We had talked to him the day before about where we were going and why. We explained that we were going there to show people that we loved them- even though people could be mean, hurtful, or say they're not as good as other people, we would show them that we loved them and wanted to support them. That night he prayed that the "parade people" would feel our love and not feel bad anymore. It probably shouldn't have surprised me then, when he woke, and seeing the signs I made to take to Seattle's Pride Parade with us, he took to his craft table and returned with a sign he had made, all on his own: "I [love} u."
That was the message our family went to Seattle to share- that while we know that people of our faith have hurt people in the LGBTQ community, our family will not do so- and we will speak up when others do. Though we were nervous about the reception we would receive our presence was greeted with a mix of cheers, surprise, and at worst, silence. When people expressed their gratitude to us, it was very emotional- we were here to try to mend hurt feelings, and I was grateful for their welcoming attitude- but I found myself crying twice while walking- once, when meeting a friend who was moved beyond words to see us there. The other time, a woman watching the parade saw Stinky's sign said to me "This will be a strong man someday. You're doing it right, Mom."

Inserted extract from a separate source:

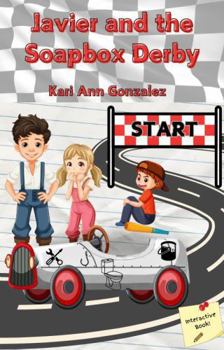 Hardcover Javier and the Soapbox Derby: Interactive Edition Book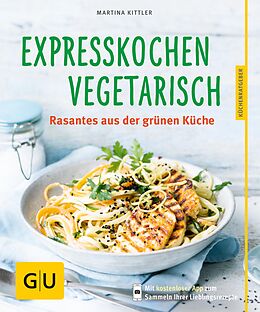 E-Book (epub) Expresskochen Vegetarisch von Martina Kittler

The LDS involvement in Pride Parades across the country has brought up a lot of discussion in our home. We talked about whether or not we would go, whether we would bring the kids, what our signs would say. We prayed, a lot. Last Sunday at church, we sang the hymn "Lord, I would Follow Thee" These lyrics in particular stuck out to me, as we were making our decision:
I would be my brothers' keeper,
I would learn the healer's art.
To the wounded and the weary,
I would show a Gentle heart...
During this hymn, I remembered being a child singing the words of the Carol Lynn Pearson's Primary song "If you don't talk as most people do, some people talk and laugh at you, but I won't! I wont! I'll walk with you, I'll talk with you, that's how I'll show my love for you." I remembered standing in Young Women's, saying that I would strive to live the value of Integrity. I thought about our reasons for not going, and I felt like a coward. Then, the hymn continued "Who am I to judge another, when I walk imperfectly?" and I knew that our family would be walking in the parade.
It was an incredible experience- and one that I am so grateful we had as a family. Thank you to those who organized our group, and those who welcomed us. This is a day we'll remember (if you'll pardon the pun) with pride.